[Stored dataset items]
◇ ◇ ◇

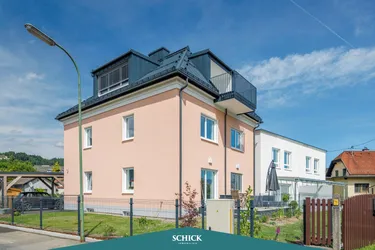 BEZUGSFERTIG - Exklusive Maisonette mit Panoramablick in Landskron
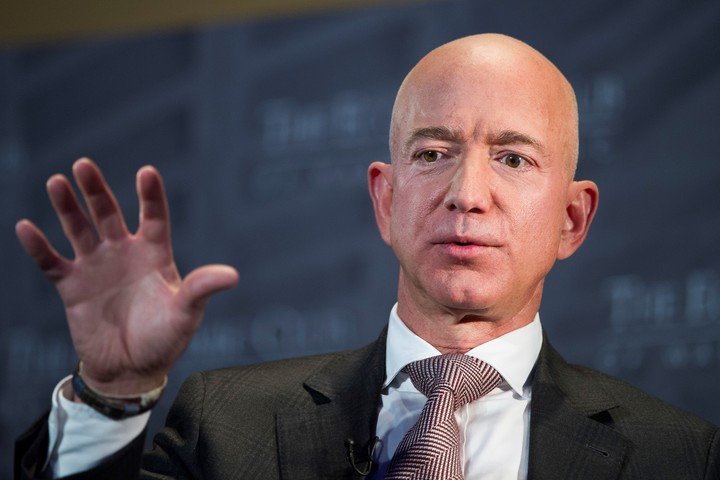 Jeff Bezos busca competir con Elon Musk también entre los proveedores de internet satelital.  Foto: AP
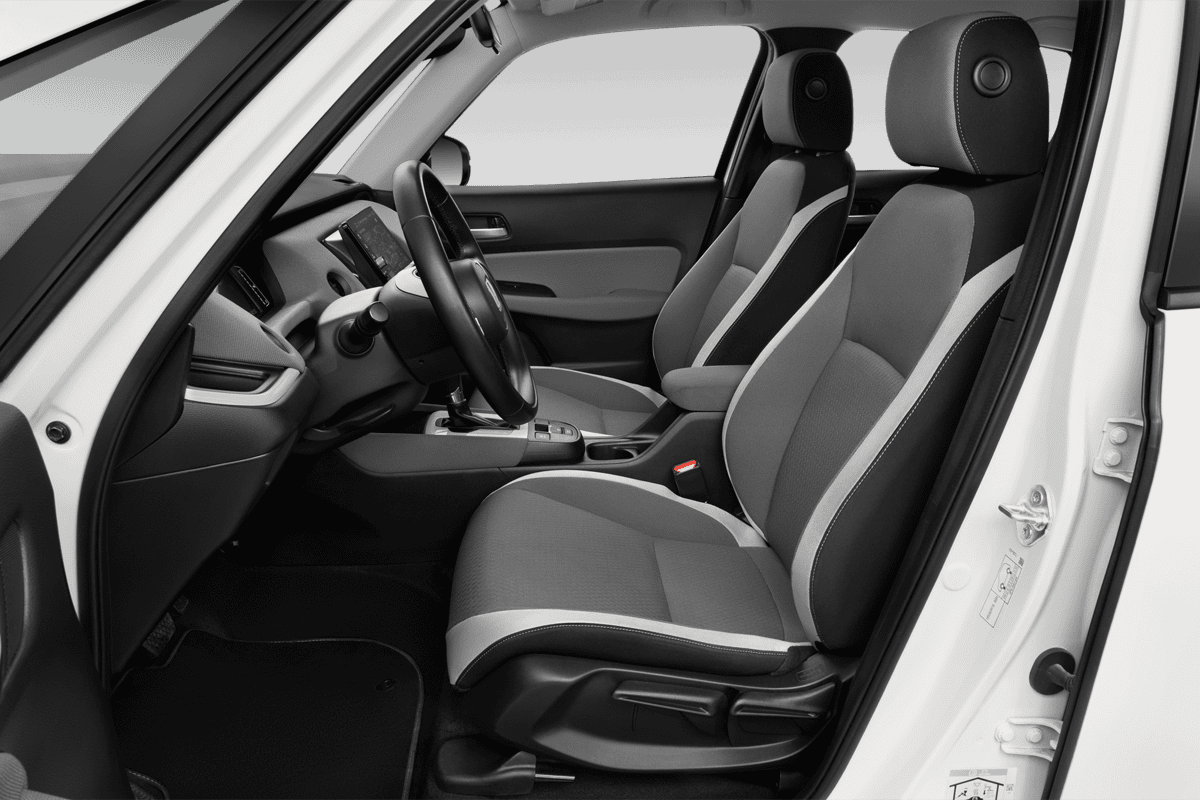 Vordersitze eines Honda Jazz e:HEV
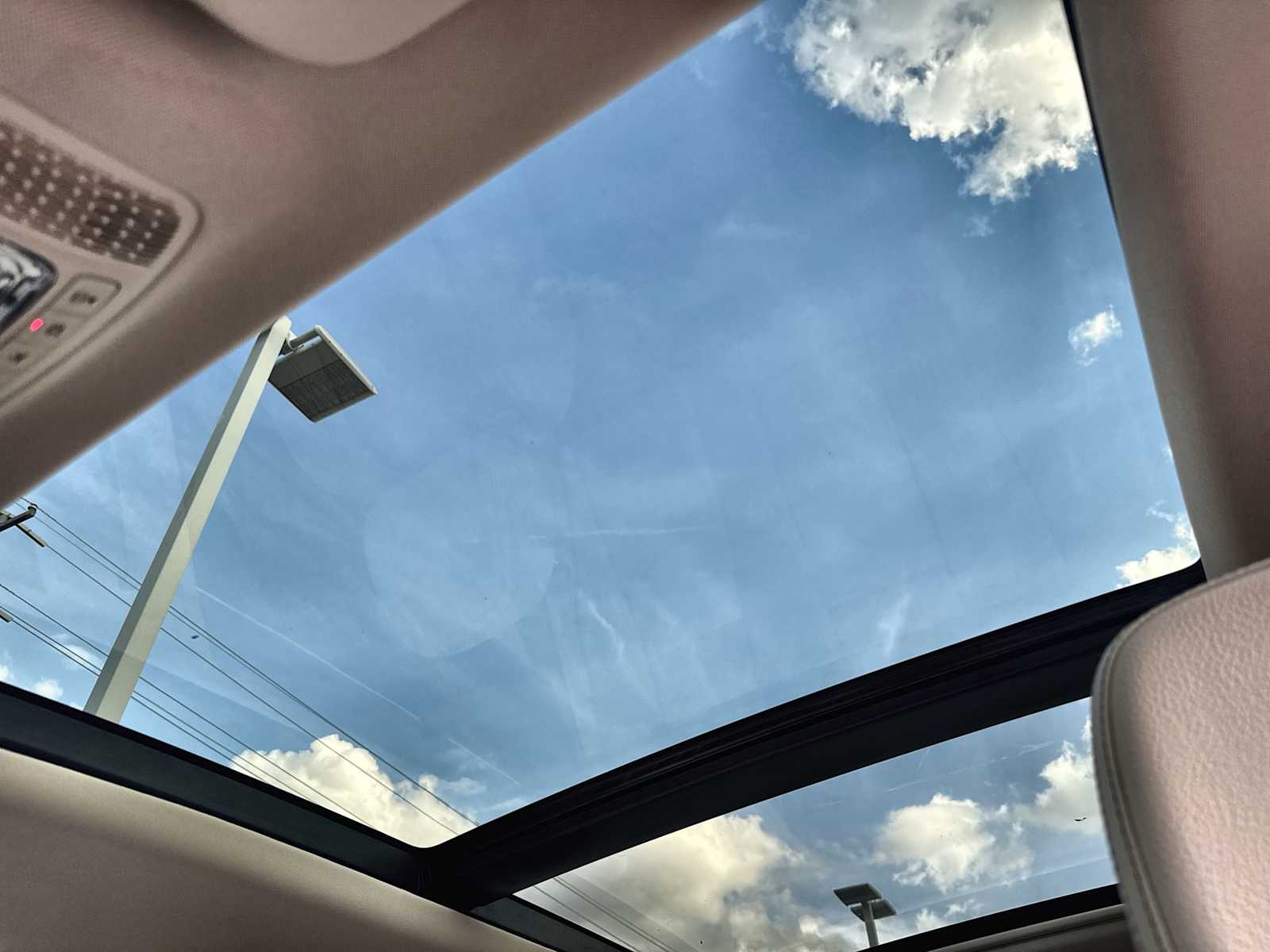 Thumbnail: 2026 Mercedes-Benz GLE - 28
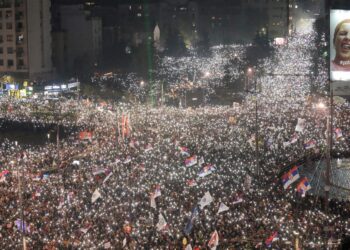 Serbian protest video falsely associated with pro-Traoré rally in Burkina Faso – FactCheckHub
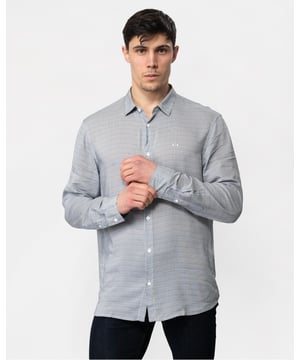 Brand logoClassic collarLong sleevesButton fastenings
Composition 100% Viscose
 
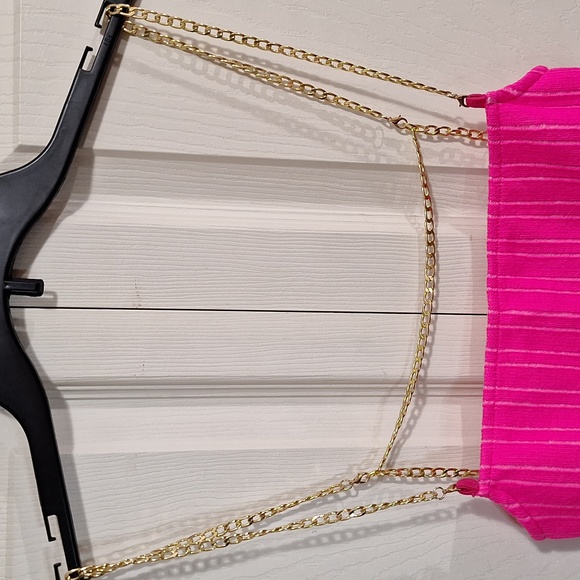 PrettyLittleThings Hot Pink Textured Rib Chain Lace Up Crop Tank Top - size 8 - Picture 2 of 15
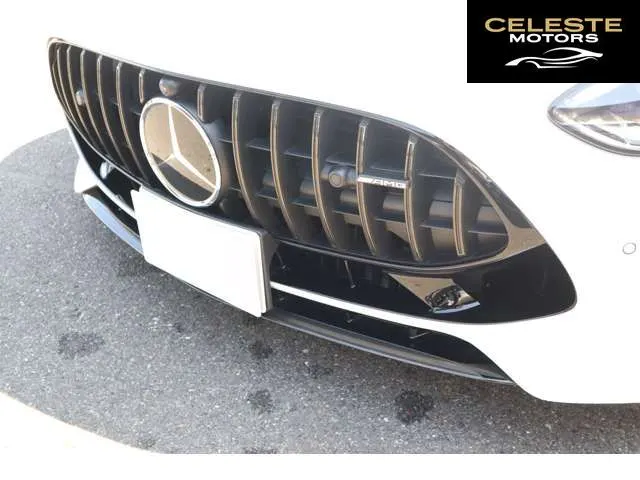 MERCEDES AMG GT 2024 — photo 3 sur 8
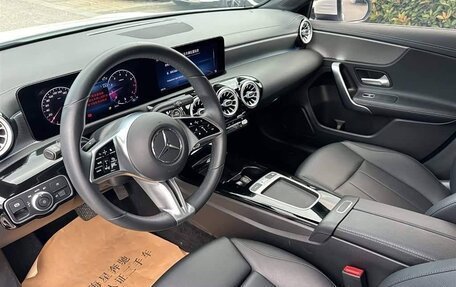 Mercedes-Benz E-Класс, 2024 год, 6 190 000 рублей, 27 фотография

◇ ◇ ◇

> **What this task involves**: Pictures are not part of the copy. Extract exactly the lines from the line containing "Serbian protest video" through the final line of the entries above, both included.

> **Written response**:
 Serbian protest video falsely associated with pro-Traoré rally in Burkina Faso – FactCheckHub
 Brand logoClassic collarLong sleevesButton fastenings
Composition 100% Viscose
 
 PrettyLittleThings Hot Pink Textured Rib Chain Lace Up Crop Tank Top - size 8 - Picture 2 of 15
 MERCEDES AMG GT 2024 — photo 3 sur 8
 Mercedes-Benz E-Класс, 2024 год, 6 190 000 рублей, 27 фотография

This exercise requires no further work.